A Lahr, 900 employés gèrent depuis fin septembre 2017 le côté pratique de l’e-commerce, pour les marchés suisse et français en plein essor. Un employé sur trois vient de l’autre côté du Rhin. « L’ambiance est très internationale, les équipes sont bilingues, tous les panneaux sont en français et en allemand », raconte Jonathan. Son ancien job était déjà dans la préparation de commandes, dans une entreprise française.

L’entrepôt de Lahr est parmi les plus automatisés et modernes de Zalando. Ici, un système automatique, le « trieur-poche » gère les retours. Chaque article renvoyé par un client est mis dans une « poche » identifiée par une puce. Elle tourne accrochée à une chaîne sous les hauteurs du toit jusqu’à ce que l’article soit de nouveau vendu. Le système l’envoie alors automatiquement au « packing ». Ce système permet d’augmenter le volume de stockage et d’exécuter une partie des tâches de façon automatisée.
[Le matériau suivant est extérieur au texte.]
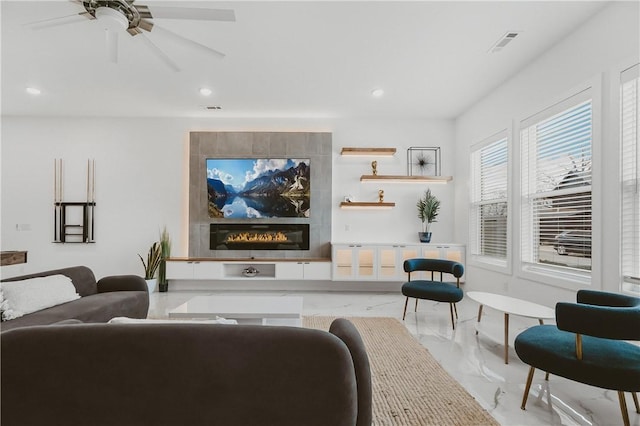 1151 NE Monroe St, Bentonville, AR 72712 - living room with light marble finish floors, recessed lighting, ceiling fan, and a large fireplace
Pourtant, le centre dépend encore fortement du travail manuel.

Estelle, la quarantaine, travaille pour la première fois dans un entrepôt d’e-commerce, après seize années passées dans une entreprise allemande à Strasbourg. C’est son deuxième jour chez Zalando. Ce qui l’a convaincu de venir travailler outre-Rhin, c’est le salaire avant tout. « Avec les primes familiales, je gagne plus de 13 euros par heure maintenant. En France, même avec l’ancienneté, j’ai à peine dépassé le SMIC », dit-elle. Pour l’instant, Zalando s’inspire de la convention collective du secteur logistique pour fixer la grille des salaires, en les adaptant au coût de la vie dans les régions respectives, ce qui fait qu’un employé à Lahr gagne plus que son collègue d’un entrepôt en Allemagne de l’Est.
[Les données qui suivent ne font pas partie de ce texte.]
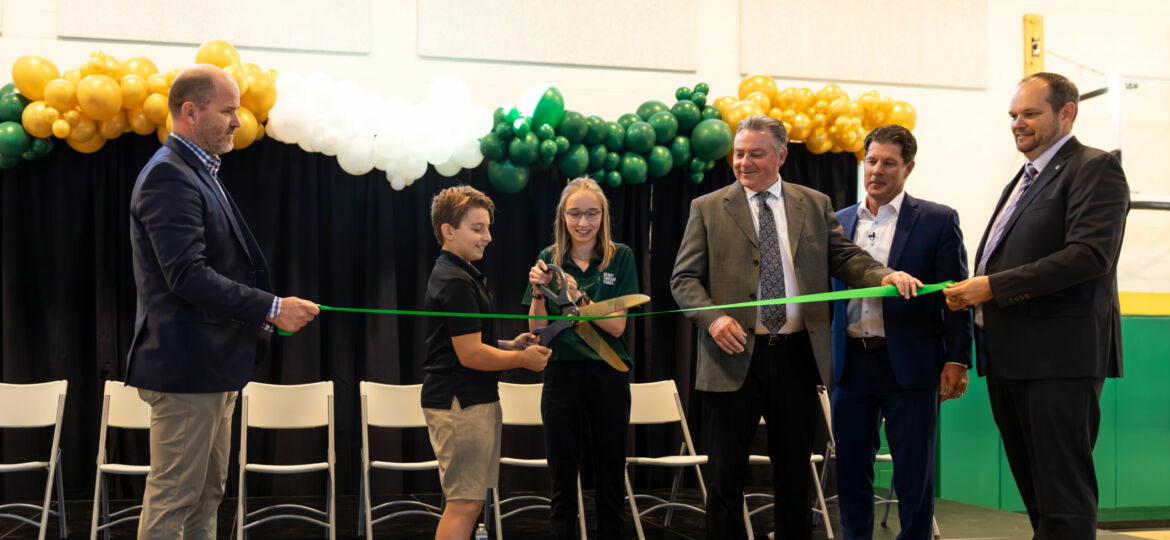 A group of people cutting a green ribbon at the GCS Val Vista Campus, surrounded by balloons.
« Pas encore de comité d'entreprise et très peu de syndiqués »

Les problèmes que les travailleurs rencontrent dans les centres logistiques de Zalando se ressemblent pourtant. A Lahr, comme dans plusieurs autres entrepôts, « il n’y a pas encore de comité d’entreprise et très peu de syndiqués », nous explique par mail le syndicat allemand Verdi. Difficile alors pour les travailleurs de faire valoir leurs droits, même fondamentaux comme la pause.  « A cause de la taille de l’entrepôt, ça nous prend longtemps pour arriver dans les locaux destinés à la pause », confie Estelle. « On perd sept minutes rien que pour nous déplacer et c’est beaucoup sur une pause de vingt minutes. »

Un problème que les employés de l’entrepôt Brieselang, près de Berlin, rencontraient jusqu’à ce qu’ils protestent. Les contrôles de sécurité aléatoires à la sortie, pour empêcher les vols dans l’entreprise, prennent beaucoup de temps aussi. Si son badge sonne a la sortie, l’employé devra alors passer à côté pour se faire fouiller par les agents de sécurité. Ces fouilles génèrent souvent de longues files d’attente à la sortie et les employés attendent parfois jusqu’à trente minutes avant de pouvoir sortir.
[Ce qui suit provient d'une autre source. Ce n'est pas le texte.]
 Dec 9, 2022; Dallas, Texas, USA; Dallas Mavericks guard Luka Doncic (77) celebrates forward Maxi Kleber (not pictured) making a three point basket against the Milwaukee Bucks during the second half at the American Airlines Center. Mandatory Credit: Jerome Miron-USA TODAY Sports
Pour rentrer ensuite en Alsace, les travailleurs français peuvent prendre le bus qui s’arrête directement devant l’entrepôt. Cette ligne spéciale, qui pourrait être un jour ouverte au public, a été mise en place pour faciliter la venue des employés alsaciens en reliant la ville d’Erstein à la zone d’activité « Industrie- und Gewerbezentrum Raum Lahr ». La proximité avec l’Alsace, où le taux de chômage est autour des 8 %, a été un facteur décisif pour l’installation de Zalando dans la région.  « Au Bade-Wurtemberg, en région frontalière, on a presque le plein emploi. C’est difficile de trouver de la main-d’œuvre disponible », explique Daniel Halter, gérant de la zone d’activité. Avec environ 300 employés français, pour l’instant de nombreux précaires, le calcul semble avoir été le bon.